Evil to Burn
Page 6
“Sofia,” he said calmly, “is there any other way out of this room?”
“I don’t know. I don’t know.” She shook her head.
He touched her arm. “Something like a ventilation shaft, plumbing, garbage chute…?”
She perked up. “The elevator!”
Ryan hated to argue, but…“I thought it was out of service.”
“The elevator shaft, I mean.”
She hurried to the elevator, Ryan right behind her. They tried to squeeze their fingers between the doors, unsuccessfully, for a few moments. She dashed to the reception desk and returned with a metal clipboard. Together, they wedged it into the narrow space and pried the doors apart just enough to get their hands in there and pull the doors open all the way. Sofia took off her shoes and used one sensible heel as a doorstop.
Ryan peered into the elevator shaft. The car sat at the bottom of the shaft, basement level three. He saw a service ladder on the wall to his left.
Sofia said, “There’s an exit to the garden on L1. First lower level.”

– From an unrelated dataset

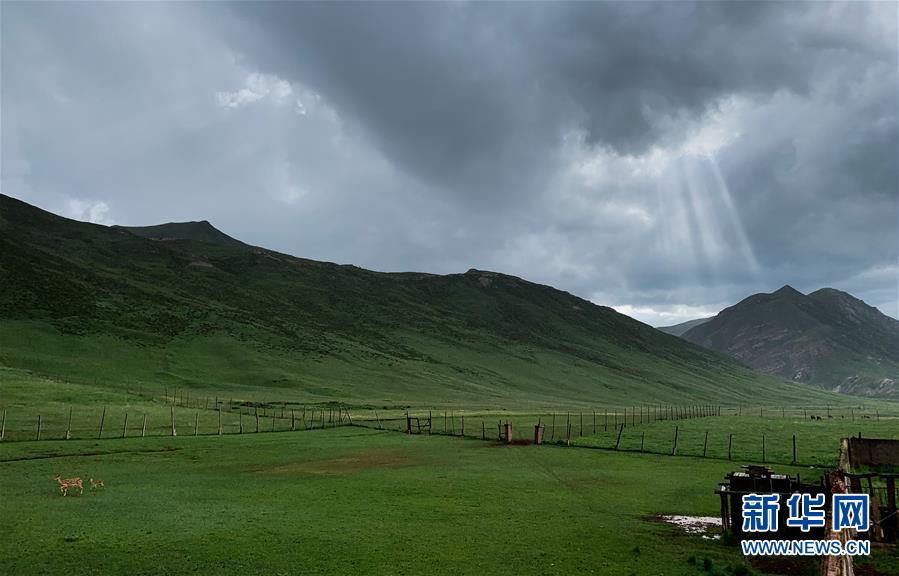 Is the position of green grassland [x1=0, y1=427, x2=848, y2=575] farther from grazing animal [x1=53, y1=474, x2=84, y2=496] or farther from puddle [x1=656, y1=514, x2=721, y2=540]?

“Right.” Ryan stepped into the shaft and onto the ladder. The rungs were thin and awfully close to the sheet metal wall. He moved down carefully, one step at a time. The sound of the panicked guests was slightly muted, and he realized what he wasn’t hearing: a fire alarm. No help was coming.
He stopped by the next set of doors. Sofia stretched down to pass him the clipboard. Ryan reached over and wedged it between the doors. He got a grip on the closer half of the door and pulled it open.
By now, several guests had noticed the open elevator. They crowded around as fire consumed the lobby. Sofia held her arm across the doorway and announced, in her most official tone, “Hold on. In just a moment, we’ll be ready to get you out.”
And to her surprise, they listened. She tossed her other shoe down to Ryan and he jammed it between the door and the track.
He jumped onto the landing of lower-level one. Nothing here was on fire, and that was good enough for him. “Okay, send them down!” he called.
Matt moved quickly through hallways lined with guest rooms. The lights in this part of the building were off, but he still had his flashlight. He shone it along the wall, looking for a fire hose or a fire extinguisher, anything he might be able to use against Nash. He saw none. Which made sense when he thought about it: if you were planning to torch your hotel, you wouldn’t stock it with fire-suppression gear. To hell with building codes.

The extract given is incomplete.